I’ve recently read a fairly trenchant piece from my former home town of Denton, Texas that makes a few of the observations I make here today. In spite of the fact that its author looks a lot younger than I am in his profile photo, he makes the following apology: “The last thing we need is another old white guy talking just to be talking.”

Speaking as an old white guy, I’m amused at the thought that I should probably shut up and let experts, or pundits, or other more official speakers than myself have the only say about what’s happening in my country. It seems to me that the official speakers aren’t doing a particularly good job these days, and that many of their opinions are bought and paid for. It’s refreshing to see that Charles Krauthammer, with whom I have never agreed about anything before, has called the New York grand jury’s decision in the Eric Garner case totally incomprehensible.

Krauthammer brings up the issue of double jeopardy as he speculates about the federal civil rights investigation in New York, suggesting that any further state action in the matter would constitute double jeopardy for the officer accused. But about Missouri, it has been suggested fairly forcefully that Darren Wilson could still be tried for murder since the grand jury hearing did not constitute a trial. Missouri Attorney General, Chris Koster, has also admitted that the Ferguson grand jury was misled about the law.

Now, as outrage grows over the New York grand jury’s refusal to indict Eric Garner’s killer, the NYPD echoes Congressman Peter King’s inflammatory claim that Garner caused his own death and that his repeated cries of “I can’t breathe” meant that he could breathe. It’s interesting to me, at least, that this claim was issued in a particularly strident fashion by the Patrol Benevolent Association, the New York City police union.

Here in St. Louis City, where police are represented by two unions, it turns out that city police not only tear gassed Mokabe’s on November 25 but also tear gassed my church and a good many residential streets in Tower Grove Heights. Police chief Sam Dotson has responded to criticism in a particularly arrogant and cavalier manner, citing the usual police justifications for excessive force:

MoKaBe’s wants to think that they are center of the universe. This was not about MoKaBe’s, this was about safety and security on Grand, . . . When the order to disperse is given, it applies to everyone. People always say, “It’s not me, so I don’t have to leave.” The challenge for law enforcement is that we don’t know who the good guys are or who the bad guys are, because the bad guys intermingle with the good guys.

It’s pretty clear in Dotson’s remarks that he simply doesn’t care that his officers did physical harm to a large number of citizens. He, and Congressman King and the NYPD don’t seem capable of seeing human beings as such in the crowds on the street, or behind the personae of those they may take into custody, but merely unruly objects that require being bullied into submission.

Did [the tear gas] blow into the Bread Company? Yes. Did it blow into FedEx? Yes. Did it blow into MoKaBe’s? Yes, . . . [a]nd that’s just how it works. It’s in the wind, and where the wind goes, it blows. There was never any gas specifically directed toward MoKaBe’s, the business, the people on the patio, but people were given a lawful order to leave the area [emphasis mine].

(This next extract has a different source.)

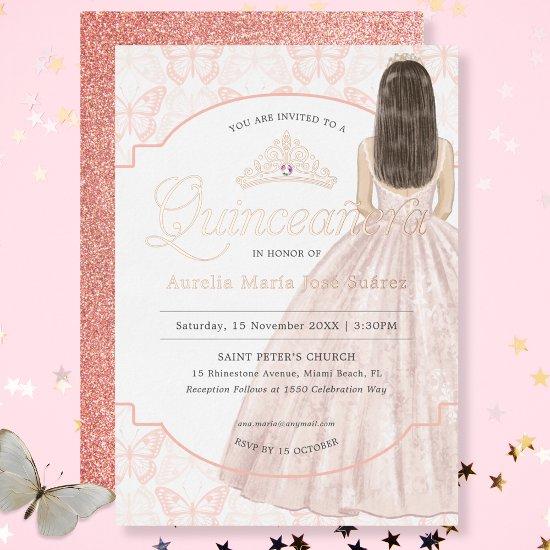 Quinceañera Elegant Rose Gold Glitter Birthday Foil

Actually a number of tear gas canisters landed on Mokabe’s patio, and police were observed directing tear gas directly at the parish hall door of my church. Aside from my general anger that events like these are now part of the normal life of my city and my country and that they call up the memory of Bull Connor and his officers attacking protesters with water canons in Birmingham years ago, there are a good many things that trouble me about these reports and others I see today.

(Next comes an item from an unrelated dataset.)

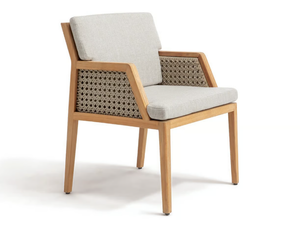 GRAND LIFE - Upholstered teak chair with armrests _ Ethimo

The first is the scorched earth approach to policing when crowds are involved, which affects (as in this case) large numbers of innocent folk as well as any who may be guilty. Chief Dodson cited arrests on South Grand but made no attempt to connect those arrests with his officers’ carpet bombing tactics, probably because he could not have made the connection if he had tried. This is policing that is entirely about the projection of police power. It is parallel to our national use of drones and air power in the middle east and of course to the infamous bombings of North Viet Nam and the use of Agent Orange a generation ago.

Another troubling circumstance is the contemporary policy in many U. S. cities of policing through crackdowns on minor offenses such as jaywalking, as a way putatively to discourage serious crime. It is the escalation of situations involving minor offenses that often results in the abuse or outright murder of citizens. Sometimes there is no original offense at all, and an “offense” (usually resisting arrest) is manufactured in the confrontation. It is this aspect of contemporary policing that particularly penalizes ethnic minorities, the disabled, and the mentally ill simply for being where they are and/or who they are. Contemporary news reports are replete with accounts of mentally ill or challenged individuals who have been brutalized and savaged by police when they didn’t understand why they were being detained in the first place.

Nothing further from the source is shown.